An interesting property of prime numbers is that there is an infinite number of them.
%
\begin{theorem}[Euclid's Theorem]
The set of all prime numbers is infinite.
\end{theorem}
%
This was was shown by Euclid in his work \emph{Elements}, in a particularly elegant
proof\autocite[19]{dence}:
Suppose the number of primes is finite. Let us label them $p_1, p_2, \ldots, p_n$. Then,
consider the numbers $P = p_1\times p_2\times \ldots \times p_n$ and $q = P + 1$. There are
now two possible cases regarding $P$ and $q$:
%
\begin{enumerate}[label=\alph*)]
\item $q$ is prime and therefore there is a prime ($q$) that is not contained in the
initial list, which supposedly contained all primes, or
\item $q$ is not prime and there exists some prime $p$ which divides $q$. If $p$
were in the list then it would also divide $P$. But that would mean that it
would also divide the difference of $P$ and $q$, which is $q - P = (P + 1) - P =
1$. But no prime divides $1$. Therefore, $p$ does not divide $P$ and so is not
in the original list.
\end{enumerate}
%
In both cases, there exists a prime number which is not contained in the original list.

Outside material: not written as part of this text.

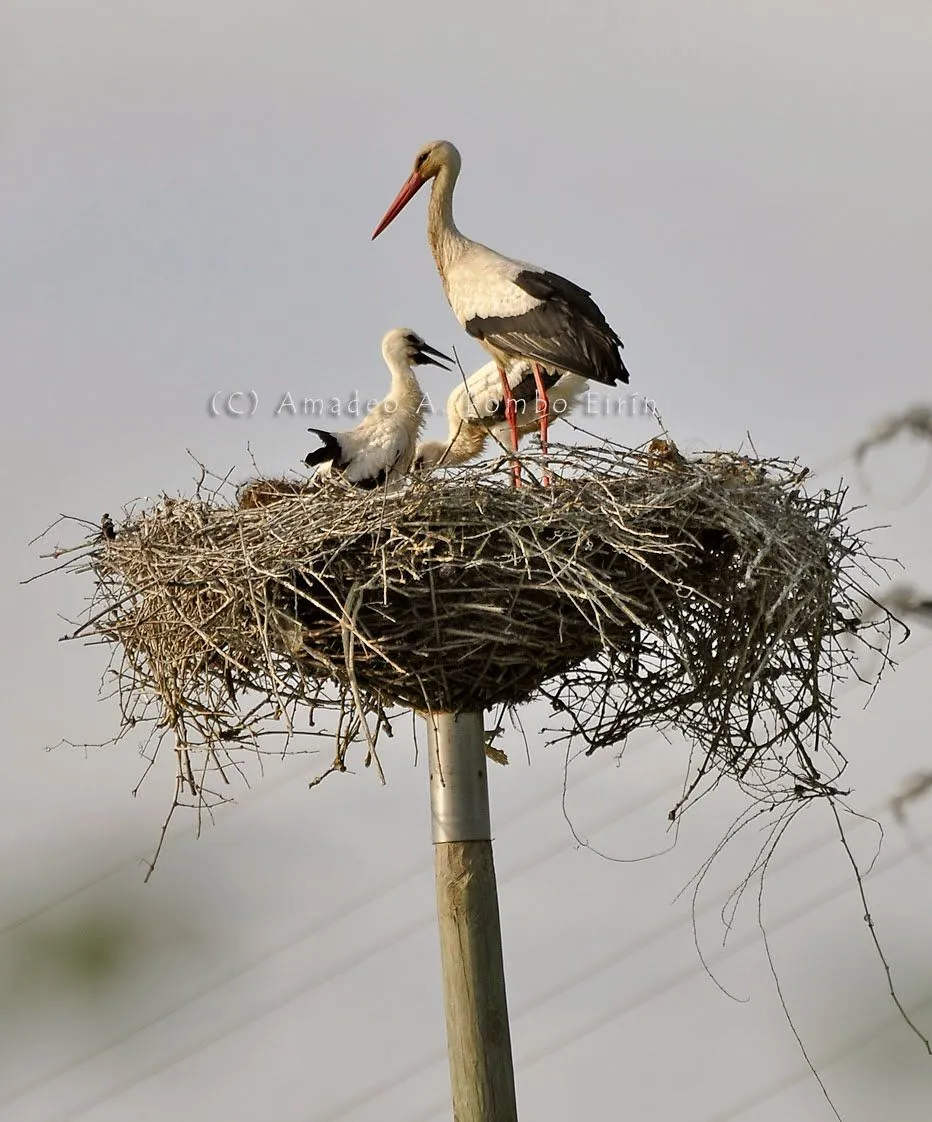 Aves de Baldaio: Primeras cigueñas en Verín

This means that it is not possible to create a (finite) list of all prime numbers since any
such list will be incomplete.
A concept related to prime numbers that also often comes up in number theory and RSA in
particular, is that of \emph{relatively prime} or \emph{coprime} numbers. This refers to
numbers which do not share any divisors other than 1.
\textit{Two integers $a, b$ are relatively prime (coprime) if and only if their greatest common
divisor is equal to 1 ($\gcd(a, b) = 1$)}
So, for example, 8 and 15 are coprime, since 8 can be only by divided by 1, 2, 4, and 8,
while 15 can only be divided by 3 and 5. 15 and 9 are not, since 3 divides both.
\subsection{Modular Arithmetic}
An understanding of linear congruences and modular arithmetic is necessary for the
main proofs of the essay.
Linear congruences have to do with division remainders.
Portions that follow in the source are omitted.